Designs arising from averaging classical design criteria over the parameter space are not Bayesian (Optimal) Experimental Designs (BED), but are psuedo-Bayesian (or on-average/robust designs). The authors propose a fully Bayesian design to be one where the design is computed from a design criterion that is a functional of the posterior distribution.
Lindley 1972 provides a decision theoretic approach to experimental design, which is what BED is based on.
BED requires a utility function \(U(d,\theta,y)\) describing the worth of choosing design \(d \in D\) yielding data \(y \in Y\) with model parameters \(\theta\in \Theta\).
The BED design is then \(d^* = \text{argmax}_{d\in D}\mathbb{E}_{p(\theta,y|d)}[U(d,\theta,y)]=\text{argmax}_{d\in D}\mathbb{E}_{p(\theta|d,y)p(y|d)}[U(d,\theta,y)]\) The integration and optimization problem involved in finding just the BED design above lead to many approximations being used.
(#DOUBT I am assuming by Bayesian utility functions they mean utilities based on the posterior distribution)

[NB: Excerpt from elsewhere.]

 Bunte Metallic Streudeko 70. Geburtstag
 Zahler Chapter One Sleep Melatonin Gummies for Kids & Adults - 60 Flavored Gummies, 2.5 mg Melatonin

Importance sampling is specifically highlighted, where we wish to draw from the posterior \(p(\theta|d,y)\), we instead generate samples from \(g(\theta)\) to get particles \(\{\theta_k,W_k\}_{k=1}^{N_p}\) where \(W_k\) are normalized samples of \(w(\theta_k)=\frac{p(y|d,\theta_k)p(\theta_k)}{g(\theta_k)}\). This is especially helpful since the samples can only be drawn once and re-weighed in each iteration - in BED importance sampling from the prior distribution is common, this however is inefficient when there is a substantial difference between prior and posterior distributions.